La excelente labor y la entrega desinteresada de la gran mayoría de los sacerdotes y los religiosos en Irlanda no deben quedar oscurecidas por las transgresiones de algunos de sus hermanos. Estoy seguro de que la gente lo entiende, y sigue sintiendo afecto y estima por su clero. Animad a vuestros sacerdotes a buscar siempre la renovación espiritual y a redescubrir la alegría de apacentar su grey dentro de la gran familia de la Iglesia. Hubo una época en que Irlanda fue bendecida con tal abundancia de vocaciones sacerdotales y religiosas, que gran parte del mundo pudo beneficiarse de sus trabajos apostólicos. Pero durante los últimos años el número de vocaciones ha disminuido notablemente.
Por consiguiente, urge prestar atención a las palabras del Señor: «La mies es mucha y los obreros pocos. Rogad, pues, al Dueño de la mies que envíe obreros a su mies» (Mt 9, 37-38). Me alegra saber que muchas de vuestras diócesis han adoptado la práctica de la oración silenciosa por las vocaciones ante el santísimo Sacramento. Es necesario promoverla encarecidamente. Pero, sobre todo a vosotros, los obispos, y a vuestro clero, os corresponde ofrecer a los jóvenes una imagen positiva y atractiva del sacerdocio ordenado. Nuestra oración por las vocaciones se debe «transformar en acción, a fin de que de nuestro corazón brote luego la chispa de la alegría en Dios, de la alegría por el Evangelio, y suscite en otros corazones la disponibilidad a dar su «sí»» (Homilía durante la celebración de la Palabra con los sacerdotes y diáconos permanentes, en Freising, 14 de septiembre de 2006: L’Osservatore Romano, edición en lengua española, 22 de septiembre de 2006, p. 16).
Aunque en algunos ambientes se considera pasado de moda el compromiso cristiano, los jóvenes de Irlanda tienen verdadera hambre espiritual y un generoso deseo de servir a los demás.
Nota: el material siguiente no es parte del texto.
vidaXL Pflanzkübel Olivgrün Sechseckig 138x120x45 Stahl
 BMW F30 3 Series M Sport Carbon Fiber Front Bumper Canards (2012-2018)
La vocación al sacerdocio o a la vida religiosa ofrece la oportunidad de responder a este deseo de un modo que implica profunda alegría y realización personal.
Permitidme añadir una observación que llevo en mi corazón. Durante muchos años los representantes cristianos de todas las denominaciones, los líderes políticos y numerosos hombres y mujeres de buena voluntad se han comprometido en la búsqueda de medios a fin de garantizar un futuro más prometedor para Irlanda del Norte. Aunque el camino sea arduo, en los últimos tiempos se han logrado muchos progresos. Ruego para que los esfuerzos de las personas implicadas lleven a la creación de una sociedad marcada por el espíritu de reconciliación, el respeto mutuo y la cooperación para el bien común de todos.
Al disponeros a volver a vuestras diócesis, encomiendo vuestro ministerio apostólico a l
a intercesión de todos los santos de Irlanda, y os aseguro mi profundo afecto y mi oración constante por vosotros y por todo el pueblo irlandés.
Que Nuestra Señora de Knock vele sobre vosotros y os proteja siempre. A todos vosotros, y a los sacerdotes, los religiosos y los fieles laicos de vuestra amada isla imparto cordialmente mi bendición apostólica como prenda de paz y alegría en el Señor Jesucristo.